Task goal: Please, without the pictures, restate every entry exactly.

Items listed in a dataset:
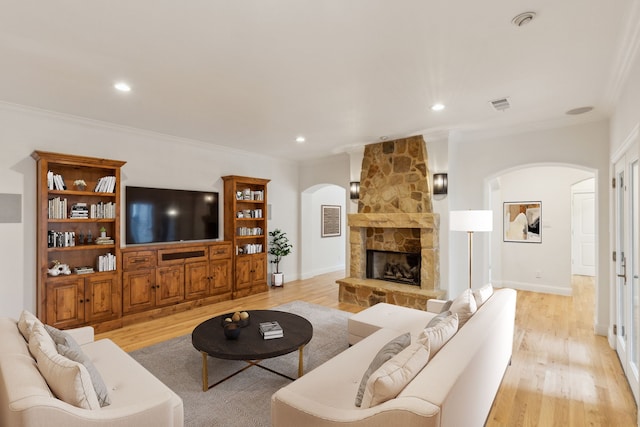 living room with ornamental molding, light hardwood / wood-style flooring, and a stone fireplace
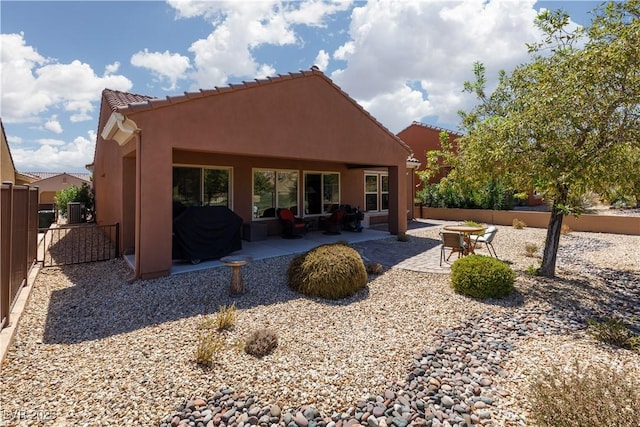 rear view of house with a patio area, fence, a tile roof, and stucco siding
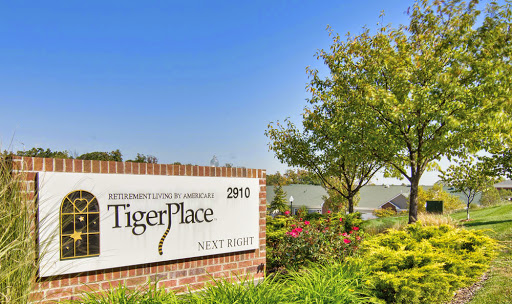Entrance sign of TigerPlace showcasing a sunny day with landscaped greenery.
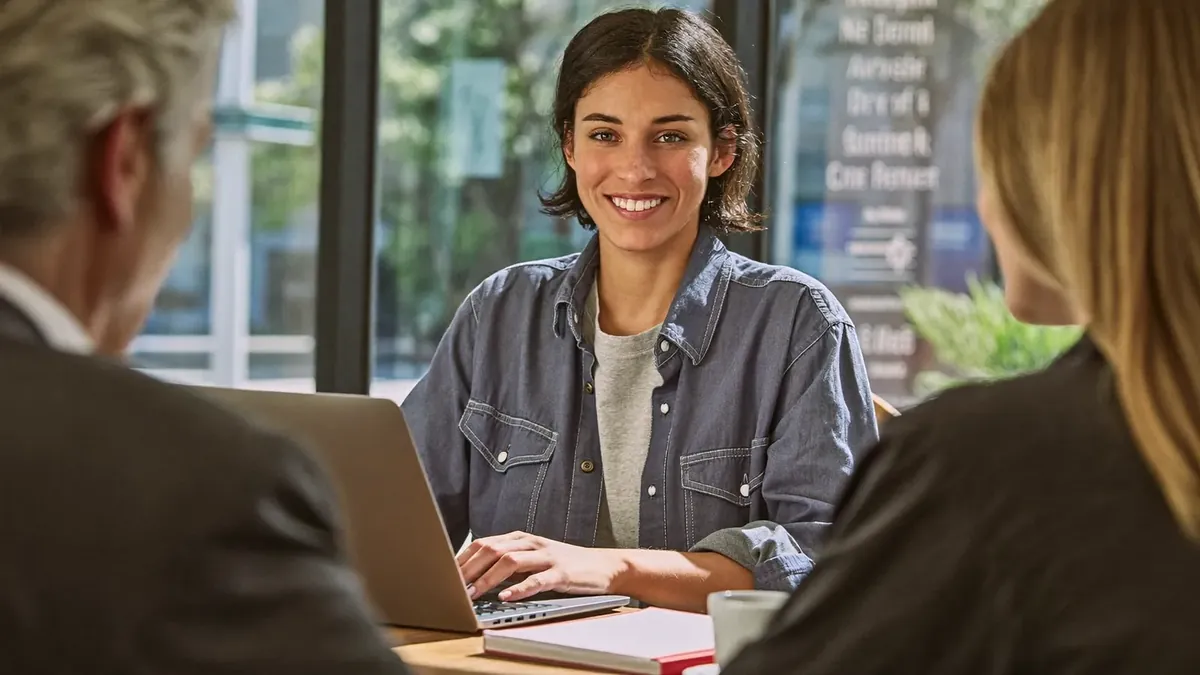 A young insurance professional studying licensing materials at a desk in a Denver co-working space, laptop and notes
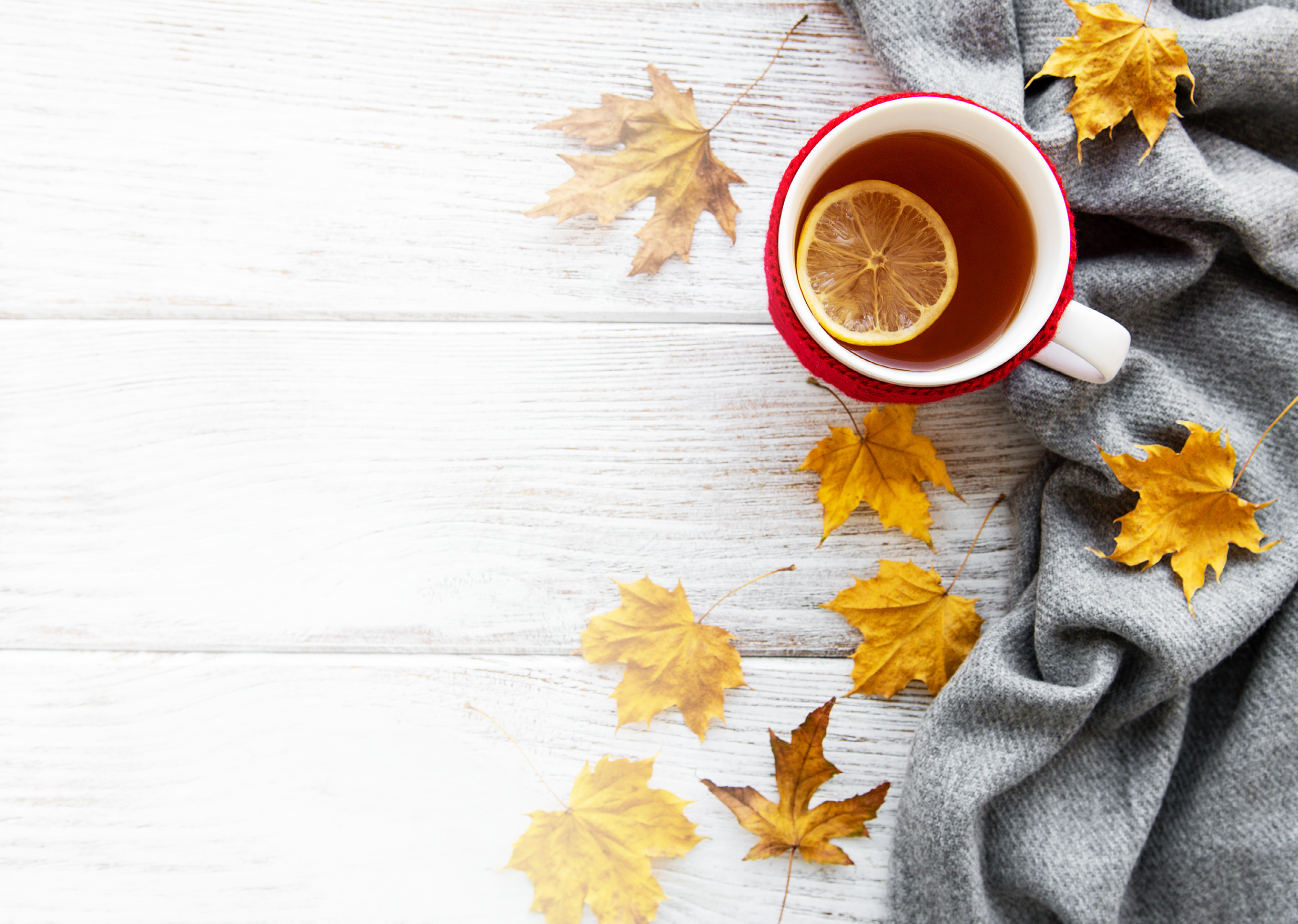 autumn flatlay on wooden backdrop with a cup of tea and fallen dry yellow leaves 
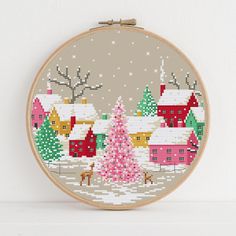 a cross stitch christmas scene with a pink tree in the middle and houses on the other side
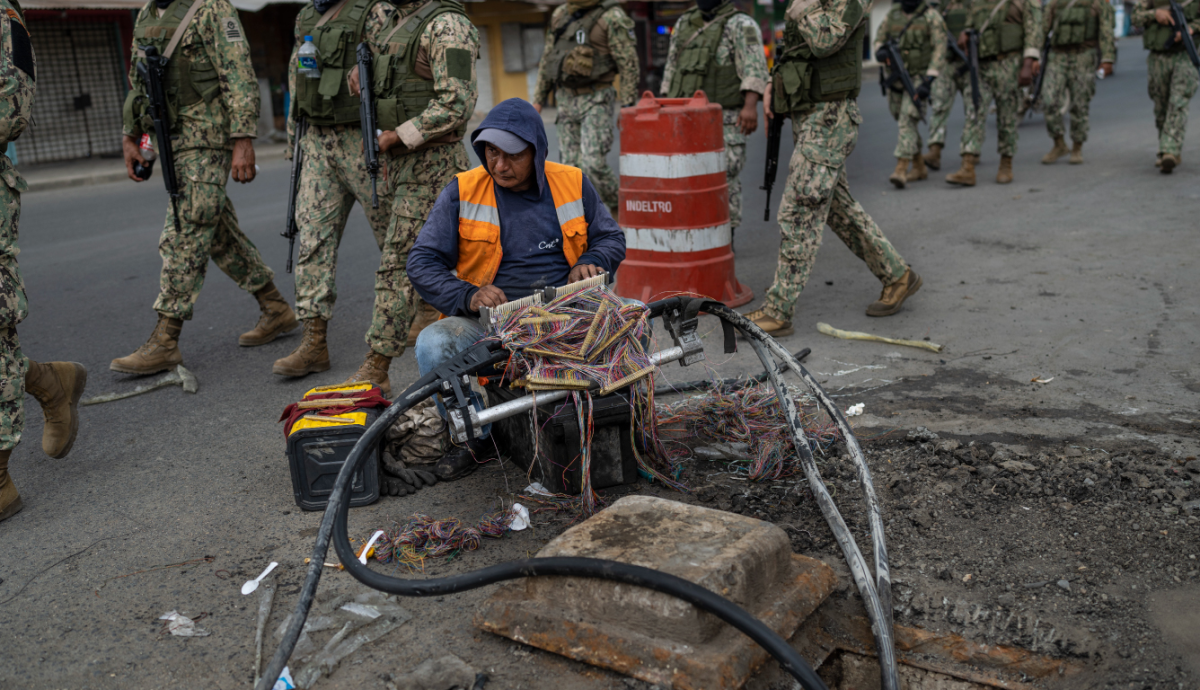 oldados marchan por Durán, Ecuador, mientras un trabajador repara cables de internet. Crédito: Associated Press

Exercise solution:
 living room with ornamental molding, light hardwood / wood-style flooring, and a stone fireplace
 rear view of house with a patio area, fence, a tile roof, and stucco siding
Entrance sign of TigerPlace showcasing a sunny day with landscaped greenery.
 A young insurance professional studying licensing materials at a desk in a Denver co-working space, laptop and notes
 autumn flatlay on wooden backdrop with a cup of tea and fallen dry yellow leaves 
 a cross stitch christmas scene with a pink tree in the middle and houses on the other side
 oldados marchan por Durán, Ecuador, mientras un trabajador repara cables de internet. Crédito: Associated Press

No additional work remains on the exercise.